Exploring the Spirituality of Hunger in America – New Beginnings Part 1

Part 1

I began this memoir before I even knew it.  On the first day I worked in the basement food pantry, I sat with Mary, a member of St. Gregory’s Episcopal Church and the head of the alter society.  We greeted a couple dozen hungry people.  Mostly single homeless men, there were a few of Woodstock’s famous colorful characters included in the mix that day.

Throughout my career in the pantry, the most colorful of the colorful was Grandpa Woodstock who liked to bring his bride, Lady Estar into the pantry to shop.  The two of them went around the room choosing from peanut butter, cereal, tuna fish, and soup.  While this happened, he entertained us gushing enthusiastically.

“My, how beautiful you look today!”  I fell for his spiel every pantry day.  Those words melted my heart.  The most professional of the street actors, he knew how to make us each feel special when he flashed his peace sign and posed for photographs.  Grandpa knew how to flash that peace sign, whip out his postcards to sell, and sound off his horn “toot toot”.  I sometimes thought he spent a few afternoons posing in front of a mirror to figure out how to get the best response from tourists.

Grandpa Woodstock and Lady Estar were most photogenic with their long, flowing silver hair.  Their lovely matching beards only emphasized floral print silk skirts and kimonos.  Their toenails were painted matching colors and their Teva sandals matched.

None of Woodstock’s rich and famous got so many requests for autographs and photographs.  They simply couldn’t compete with his show off tricks.

After all, Grandpa entertained us all with street theater at its finest.  So what if he didn’t mean a word of it?  We all enjoyed being sucked into the show!

Thank you for reading this article.  Please refer it to your preferred social media network.

Thurman Greco

Grandpa Woodstock

I’LL NEVER KNOW WHY THEY THREW HIM IN THE SLAM LAST WEEK.  I MEAN…WHY NOW?

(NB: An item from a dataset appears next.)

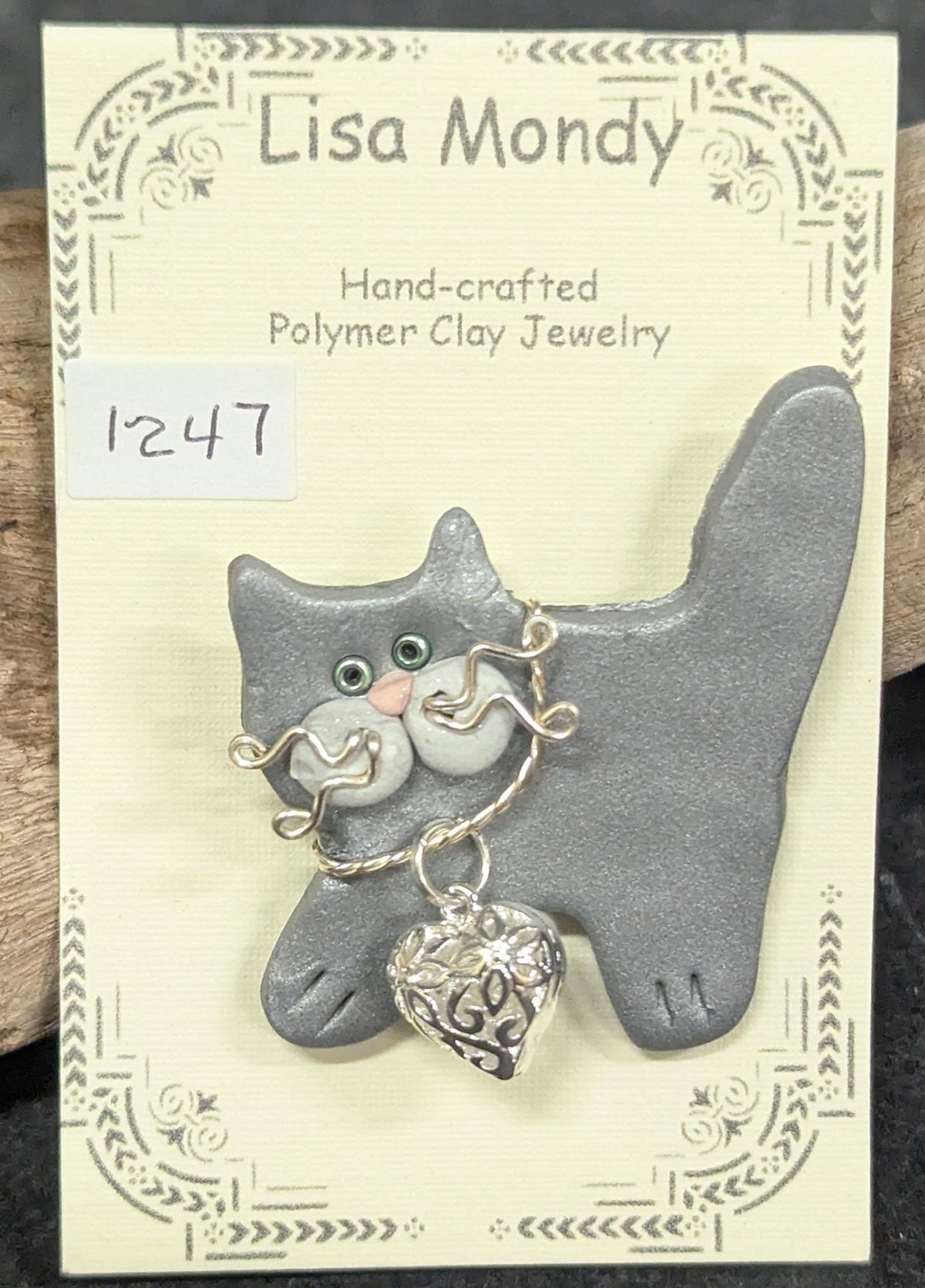 1247 Gray kitten with heart Pin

Father Woodstock, Grandpa Woodstock, or whatever you called him, showed up here almost 20 years ago.  The story goes that he was homeless.  At least, that’s what he told me in the pantry one day.  “I’m the luckiest man in the world Thurman.  I lived a homeless life all these years until I found the lovely Lady Estar.  And, here I am now, married to a beautiful woman with 3 houses.”

Father Woodstock, Lady Estar, and their beloved dog Hector, visited the pantry every Wednesday afternoon right according to schedule.  Hector waited outside the door in the colorful cart Father Woodstock had made for Lady Estar.  Hector had a special little seat in the back of the cart.  As far as I know, he never tried to jump out.

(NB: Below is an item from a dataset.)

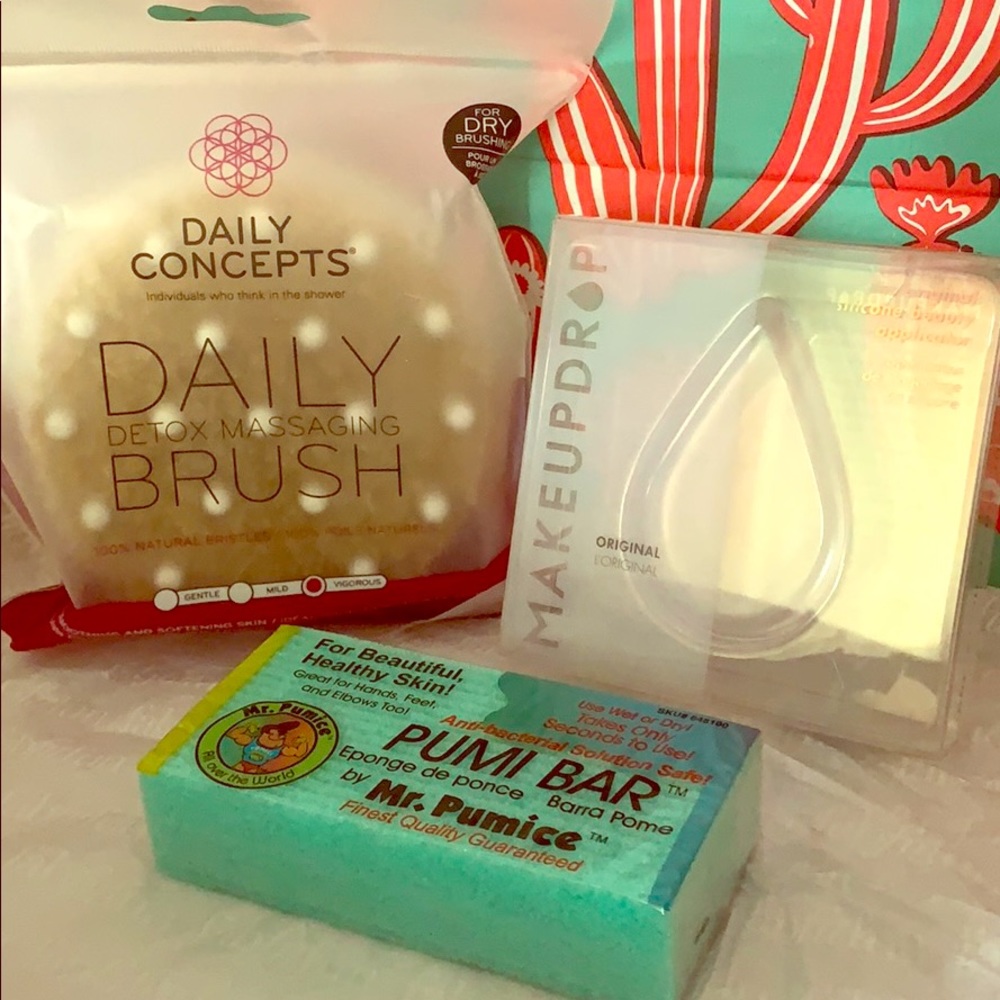 Makeup and skin care bundle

The only time they missed a pantry afternoon was when they took the bus somewhere and went on a vacation to get out of the heat  in Woodstock.  Maybe THAT has something to do with why he was arrested.  He and Lady Estar didn’t go anywhere this August.  Our summer this year was just too cool and too wonderful.

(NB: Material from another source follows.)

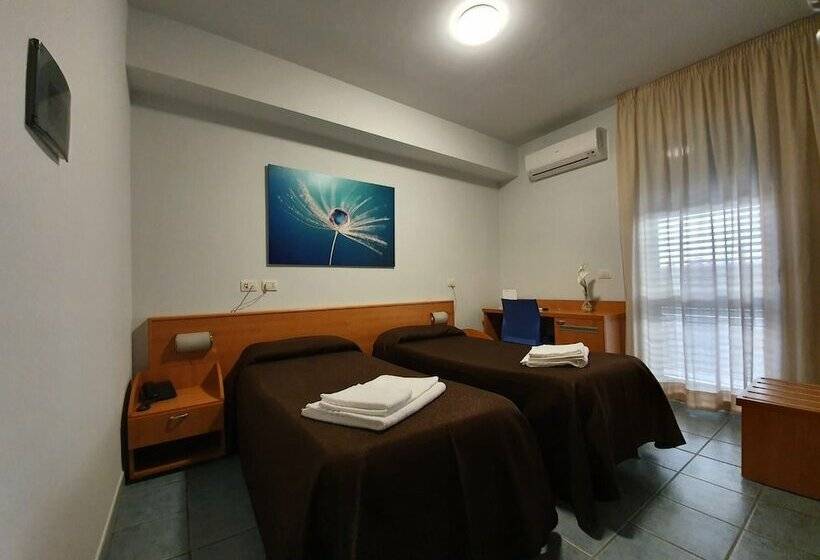 اتاق اکونومی, Casale Dei Greci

BUT, THAT’S GETTING AHEAD OF THE STORY.

Father Woodstock came to town and became the most colorful of the colorful.  Everyone loves him…especially every woman he comes in contact with.  I, personally, loved him more than the others when he came into the pantry carrying his walking stick with the horn attached.

“YOU LOOK LOVELY TODAY!” he always said with feeling as he  tooted the horn for emphasis.  “Toot.  Toot.”  My heart melted.  Because, in reality, working in the pantry was tough with  watchers counting the minutes, checking the hallway lines, complaining about the cardboard, and me feeding the unworthy hungry.  For the few minutes that Father Woodstock came in the pantry to shop, none of it mattered.

LONGTIME RESIDENTS RECALL THAT FATHER WOODSTOCK PACKED UP HIS WORLDLY POSSESSIONS AND TOOK OFF FOR BIXBY, ARIZONA EACH WINTER ON THE BUS.  Boy, that must have been a trip!  I can just see Father Woodstock now, entertaining everyone with stories, peace sign salutes, and telling all the women how beautiful they were.  I think I would’ve loved the trip.  There never would have been a dull moment, that’s for sure.  Toot.  Toot.

ABOUT FIVE YEARS AGO, FATHER WOODSTOCK AND LADY ESTAR FELL IN LOVE.  What a pair!  They’re perfect for each other.

As they wwere out in public,  he and Lady Estar were always  beautifully dressed.  They both wore silk…flowing silk skirts and beautiful silk kimonos.  They  had a nice selection of lovely silk jackets.  Their wardrobes consisted mostly of floral prints in their favorite color:  red.

BOTH FATHER WOODSTOCK AND LADY ESTAR WORE THEIR DRESSES AND SKIRTS LONG.  Their toenails were always painted.  They wore Teva sandals.  They both had long flowing silky silver hair and beards.

Father Woodstock liked to come to the small pantry weekly and choose foods he and Lady Estar could serve to the homeless people they entertained.  As he chose apples, oranges, carrots, he  commented to other women shoppers how beautiful they were.  “Toot.  Toot.”

THE MAN MAY NOT HAVE MEANT A WORD OF IT…HE PROBABLY DIDN’T MEAN A WORD OF IT.  Now that I think about it, Father Woodstock was probably the best actor in town.  But, nobody cared.  For the moment, life was beautiful.

So, here we have a scene…a pattern…a reputation.  Father Woodstock conducted himself in a certain fashion all these years in Woodstock.  Everyone knew him, residents and tourists alike.  He trained us all to smile when he came around.  He trained us to gather around and ooh and aah when he posed for photographs with a peace smile and sign.  “Toot.  Toot.”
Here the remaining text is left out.